The main objective for this project was the analysis of nonperturbative thermodynamics and kinetics of the quark-gluon plasma, as those are described by the RHIC experiments and lattice simulations. The project can be charecterised by the following keywords:
quantum chromodynamics (QCD), quark-gluon plasma, heavy-ion collisions, confinement-deconfinement phase transition, static quark-antiquark potential, QCD string-breaking in the hadronic phase, Debye screening in the quark-gluon plasma phase, chromo-magnetic gluon condensate and spatial confinement, valence gluons, QCD running coupling, event-shape variables in QCD, QCD jets, radiative energy loss and jet quenching.
Specifically, the main results were obtained in the following four directions:
1. Description of the recent lattice data on the thermodynamics of a static quark-antiquark pair at separations larger than 1.5 fermi, in the vicinity of the deconfinement phase transition.

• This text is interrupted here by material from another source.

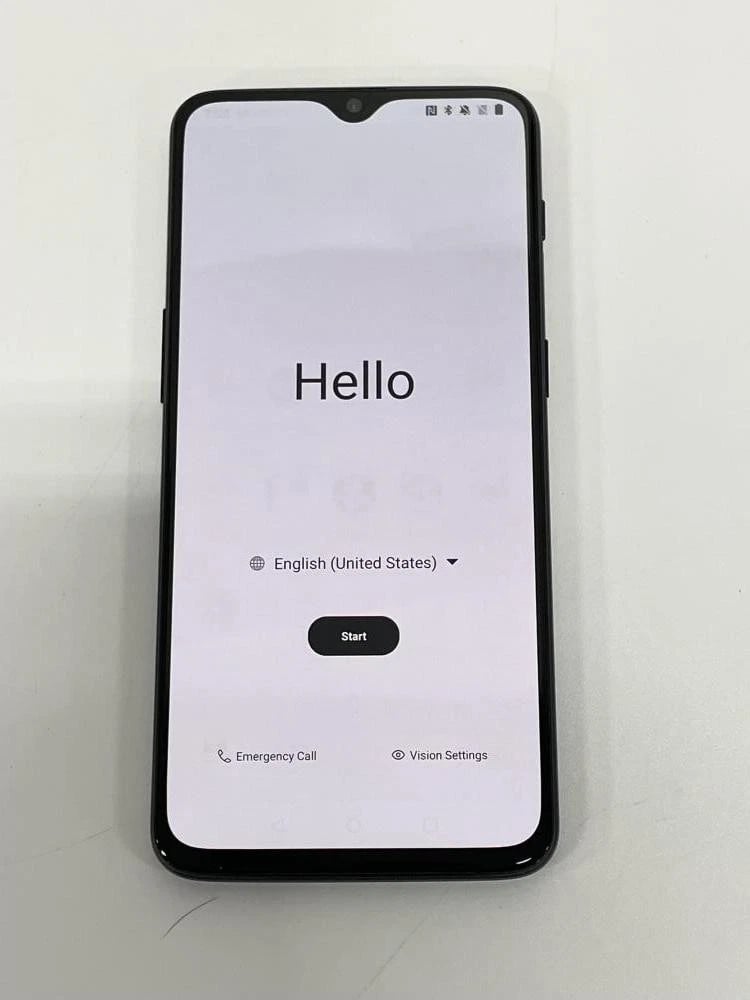 Oneplus 6T Cell Phones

2. The analysis of the so-called infra-red freezing (i.e. finiteness) of the running strong coupling, in the confinement and deconfinement phases of QCD.
3. Analysis of the energy loss of a parton traversing the quark-gluon plasma, which it experiences through the interactions with hard thermal gluons.
4. Studies of the degree to which the quark-gluon plasma deviates from ideality.
These results are fundamentally important for the calculation of various kinetic coefficients of the quark-gluon plasma, such as the bulk viscosity.